Ambos mundos hemos vivido separados por casi 60 años, hasta hoy cuando el espectáculo más grandioso comenzó y nosotros los selenitas con la mejor ubicación para presenciarlo. Hace ya un mes calculamos que un enorme meteorito impactará la Tierra dentro de una semana justo en el hemisferio contrario al que nosotros tenemos vista desde la Luna. Nuestra única preocupación fue asegurarnos que las características geológicas y gravitacionales de la Tierra no variaran luego del impacto porque de alterarse afectarían drásticamente la estabilidad de la Luna. Determinamos que la Luna no sería afectada ni en lo más mínimo y nuestras vidas retornaron a la normalidad.

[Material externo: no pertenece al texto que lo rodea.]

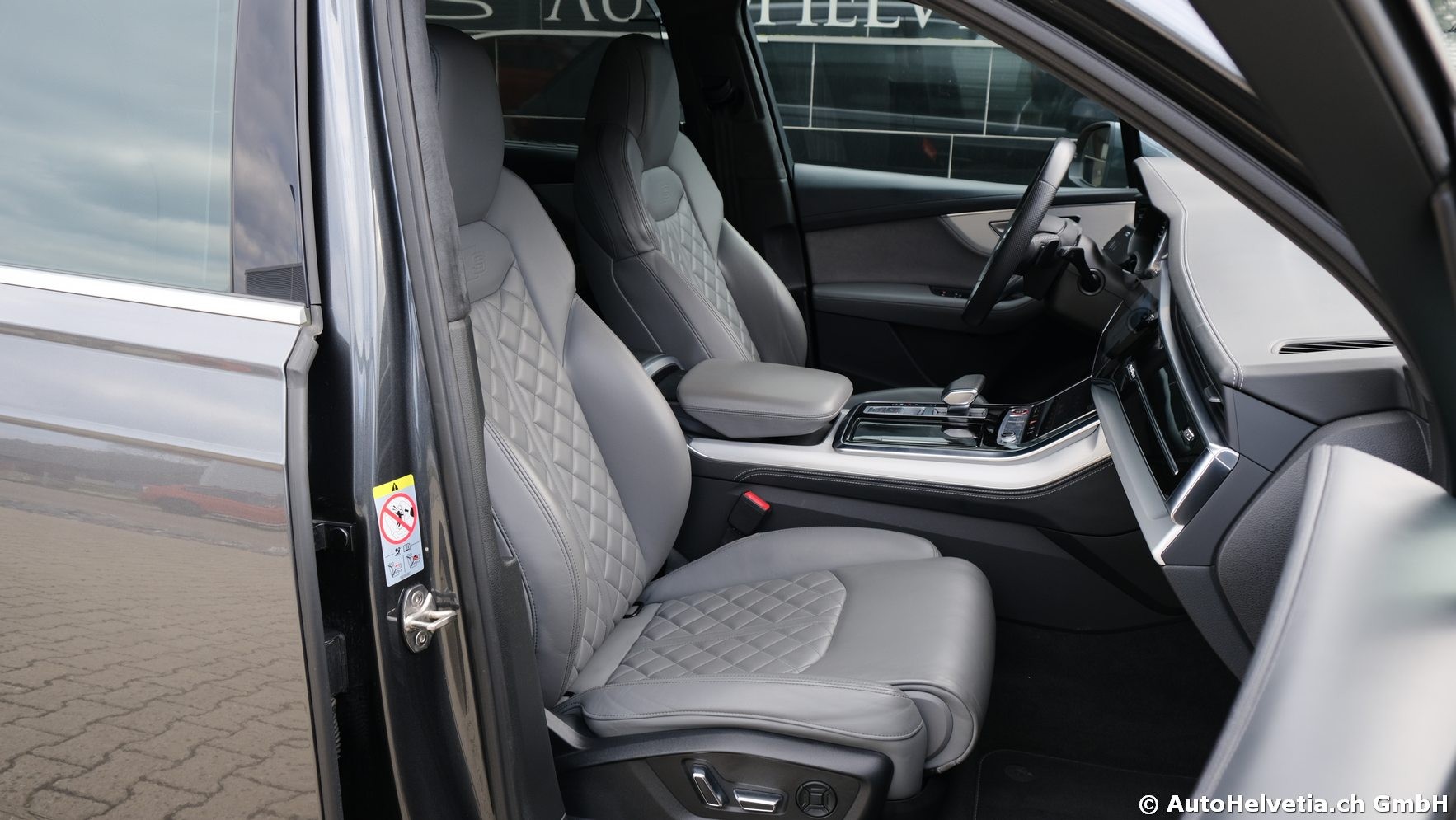 AUDI SQ7 TFSI quattro tiptronic-image-12
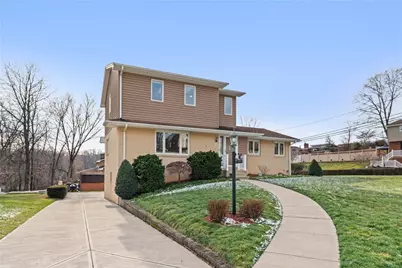 990 Holly Lynne Drive, South Park, PA 15236 - Photo 2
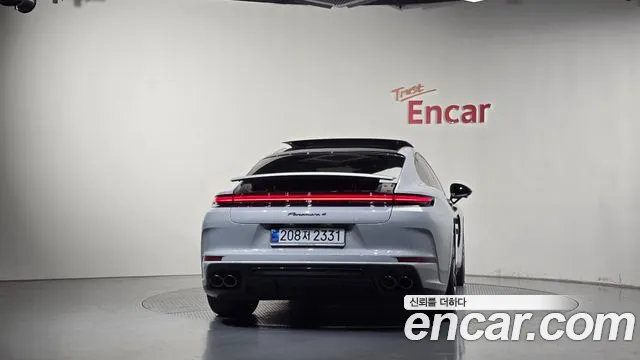 Porsche Panamera 976 — Фото автомобиля 4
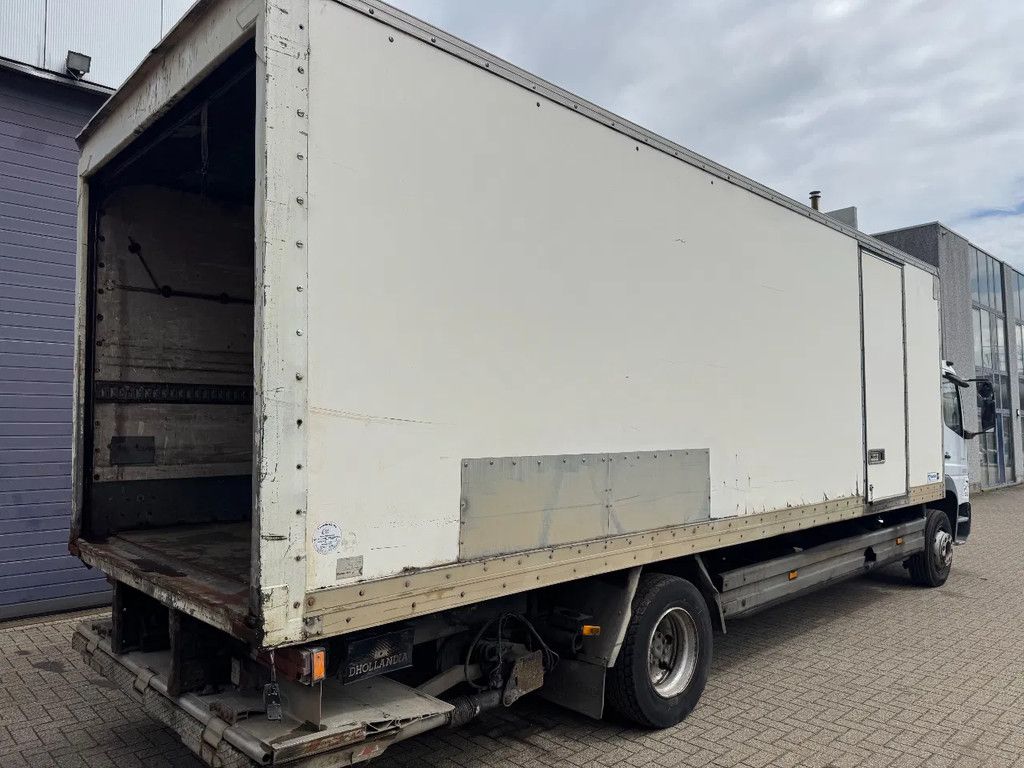 Mercedes-Benz Atego 1218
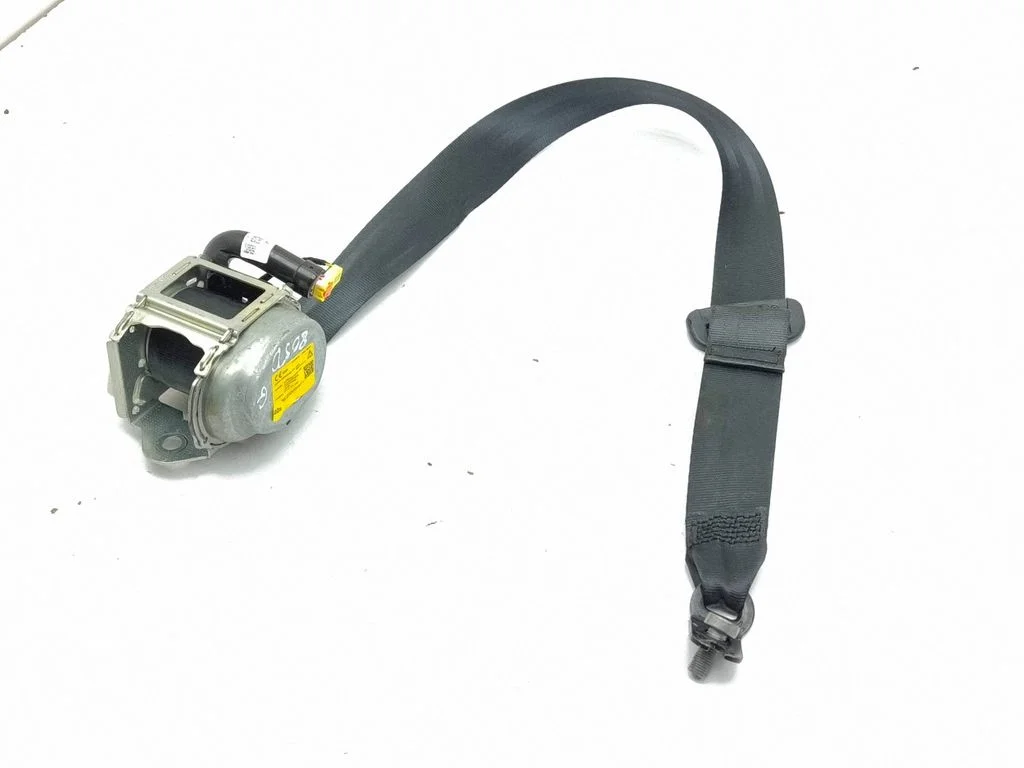 Rear seatbelt 3G0857737DE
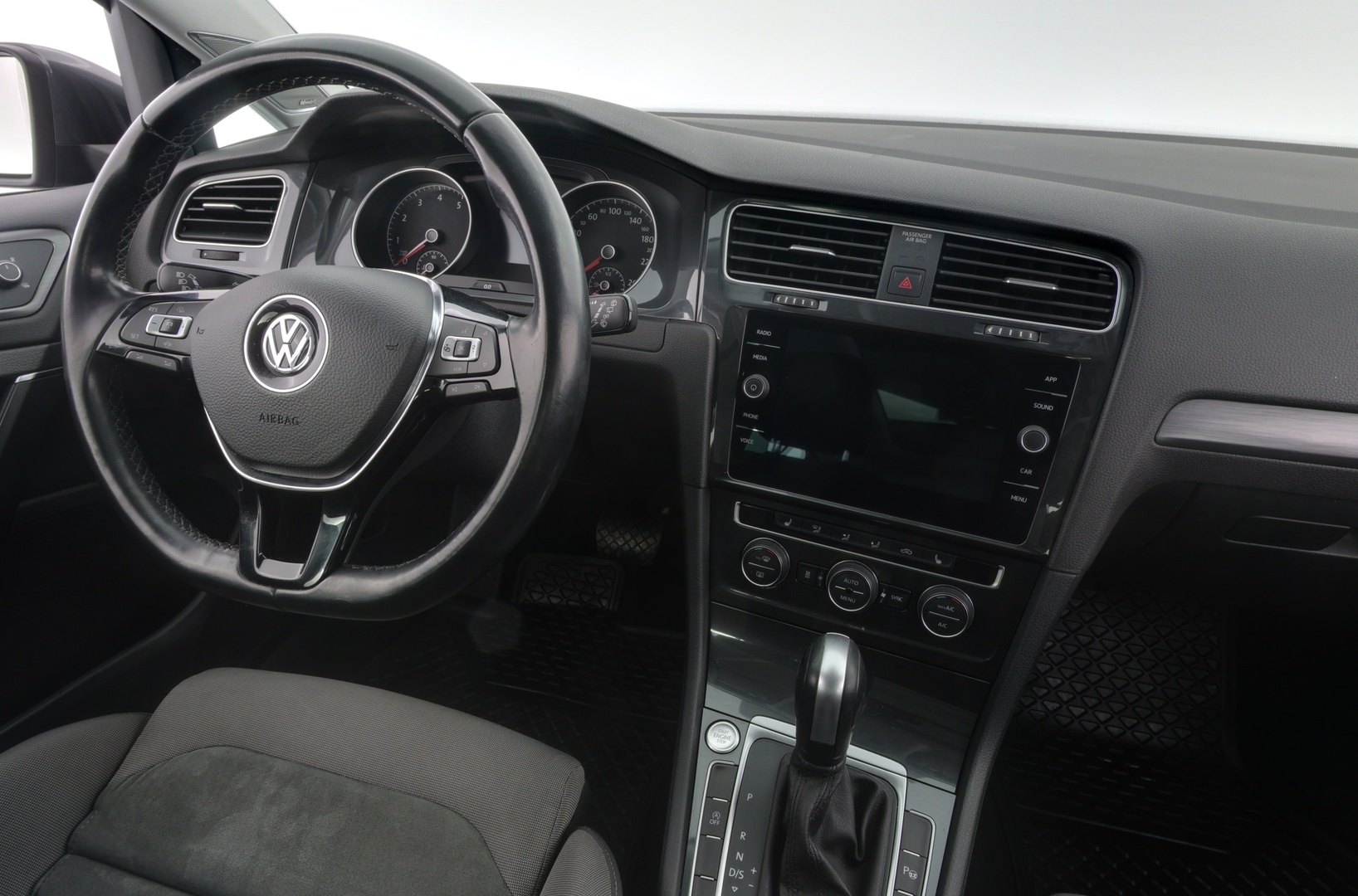 VOLKSWAGEN Golf 2020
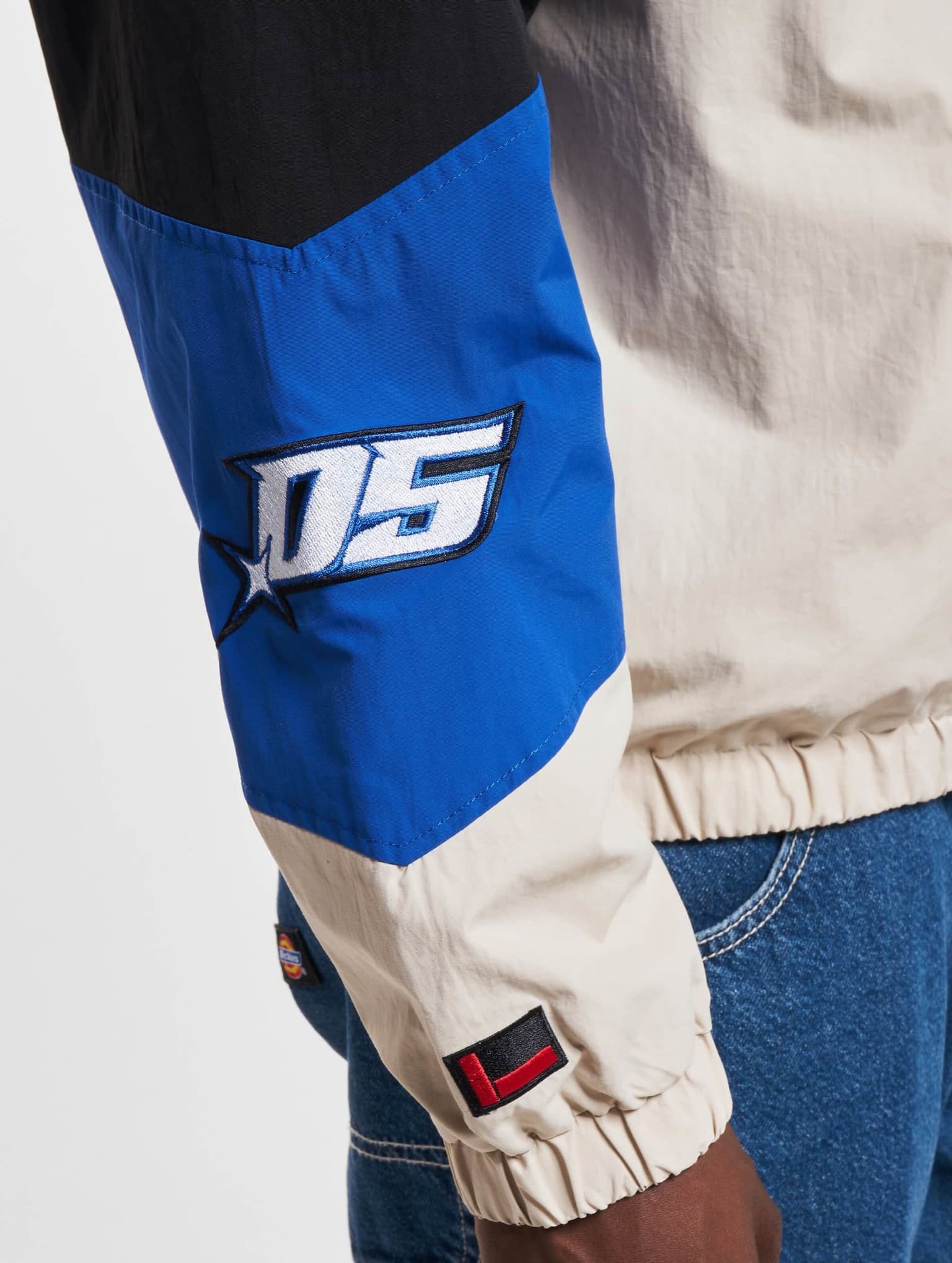 FM233-003-2 FUBU Corporate Track Jacket – Bild 4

Pero la Tierra, estaba en serios problemas. ¿Cómo evitar la catástrofe? Hace siglos que se dejó la investigación militar como para lanzarle un misil eficiente y ni hablar de alguna solución alternativa. Nada detendría al meteorito, acabaría con toda la vida sobre la superficie de la Tierra. Nosotros contamos con satélites capaces de captar las señales de televisión del planeta que lógicamente esta dirigida por robots, entre canales que transmiten deportes y películas antiguas. Gracias a ello pudimos ver como ahora todos volvieron al poder de la humanidad para alertar a todos sobre el meteorito e informar que, sea como sea, tenían que huir.

Nadie se encargó de nadie. Una humanidad acostumbrada a depender de la robótica olvidó cómo depender de otros humanos. La investigación en transportes espaciales se había dejado de lado y todo lo que tienen ahora a mano son sus naves familiares capaces de atravesar la atmósfera y surcar el espacio hasta que sus baterías atómicas se agoten.

Hoy ha comenzado el esperado escape desde la Tierra. Miles de pequeñas naves salen disparadas del casco planetario, cada una sin saber adonde ir salvo alejarse del planeta. “¡Espectacular!” decía mi hijo sentado a mi lado mientras veíamos hacia la Tierra. Y sin duda lo era. Los haces de luz que dejaba cada nave brindaban una imagen llena de luces, serpentinas de color, el arte del éxodo masivo. Parecía como si la misma Tierra se estuviera desintegrando y enviando sus pequeños fragmentos hacia el espacio en una pausada pero desesperada explosión.

En lo pleno de aquella sinfonía mi hijo me toca el hombro y me dice a manera de pregunta: “Si todas esas naves vienen a refugiarse para acá, la Luna no dará abasto” y entonces le dije, “no te preocupes hijo, nadie sabe que estamos aquí”.